It’s a simple and obvious truth about any basketball game: The team that shoots better usually wins.
The Denver Nuggets shot 50.6% in Game 4 of the Western Conference Finals, including 10-of-28 from three (leading to a true shooting percentage of 62%). The Los Angeles Lakers shot 47.5% overall and 10-of-30 from three (a true shooting percentage of 59.7%). The Nuggets shot better Thursday night.
However, the better shooting team does not win when it gets crushed in another key area.
The Lakers grabbed the offensive rebound on 40.4% of their missed shots — including at three critical possessions in crunch time — and scored 25 second-chance points to Denver having six. Combine that with an aggressive and attacking LeBron James and Anthony Davis getting to the free-throw line 28 times — Denver as a team had 23 free throw attempts — and LeBron playing fantastic defense down the stretch on Jamal Murray, and a team can overcome a shooting deficit.
The result was the Lakers holding off a resilient Denver team to win 114-108, taking a commanding 3-1 series lead. Game 5 is Saturday night.
While the Nuggets came back from 3-1 down on the Jazz and Clippers, this series feels different — Denver may have run out of miracles. The way the Lakers closed out this game showed why the Lakers will not go the ways of Jazz and Clippers.

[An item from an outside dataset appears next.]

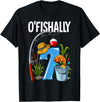 Fishing Theme Birthday Gifts O'fishally 7 Years Old 7th Birthday Fishing T-Shirt - Black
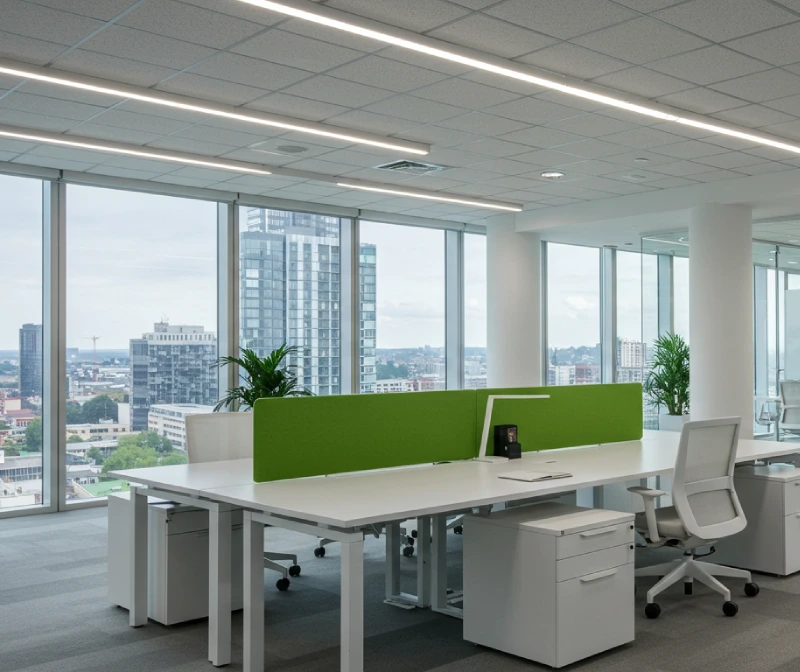 Technician installing LED lighting in an office setting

Once again, Davis was the best Laker on the floor, scoring 34 points on 10-of-15 shooting plus playing strong defense (his light rebounding numbers, five in this game, are overblown because the Lakers as a team are rebounding well).
But there are two key reasons the won the Lakers the game — two critical reasons they were able to hold off a Denver comeback when the Jazz and Clippers faltered in similar situations:
• The Lakers were dominant on the offensive glass, as mentioned above. They got a second chance on four out of 10 missed shots (the league average is about 26-27% of missed shots become offensive rebounds). Dwight Howard was doing it early, Davis was doing it late (plus Rajon Rondo had a critical one), but the Lakers getting a second chance to score and run off some clock down the stretch changed the game.
• LeBron James asked to guard Jamal Murray down the stretch — in the final five minutes of the game Murray was 0-of-3 shooting.
“LeBron asked for the assignment and obviously I granted it…" Lakers’ coach Frank Vogel said postgame. “Nothing was really working in terms of trying to slow him down until ‘Bron took that assignment.”
Vogel isn’t kidding. Murray was torching the Lakers, getting into the lane, and finding a way to finish — including maybe the best layup of the playoffs so far.
Murray finished with 32 points on 12-of-20 shooting, but LeBron held him mostly in check down the stretch (Murray did hit four free throws).
LeBron also had a strong game despite his jumper not falling because he hunted mismatches, throwing the Denver defense into a scramble, plus LeBron commands a double team when he gets the ball at the elbow or on the block and that opens things up.
Another key for Los Angeles was a great first half from Dwight Howard, who had 11 points and 10 rebounds in the first half while keeping the ball out of Jokic’s hands. Kentavious Caldwell-Pope had 13 points.
Davis rolled his ankle in the fourth quarter, limped around on it, stayed in the game and made some plays down the stretch. A slowed Davis would be a reason for concern for the Lakers.
“My ankle feels fine,” Davis said postgame. “I’ve got tonight, tomorrow, before the game to get it back to where it is, but it’s good enough to play. I rolled it pretty bad, but not too bad. I’ll be fine.”
If Denver is going to shock the world, it needs to keep Paul Millsap and his defense on the floor more, then the Nuggets need Gary Harris and other bench players to step up with big moments.
The Nuggets also need to find a way to slow LeBron and Davis. There may not be an answer to that question.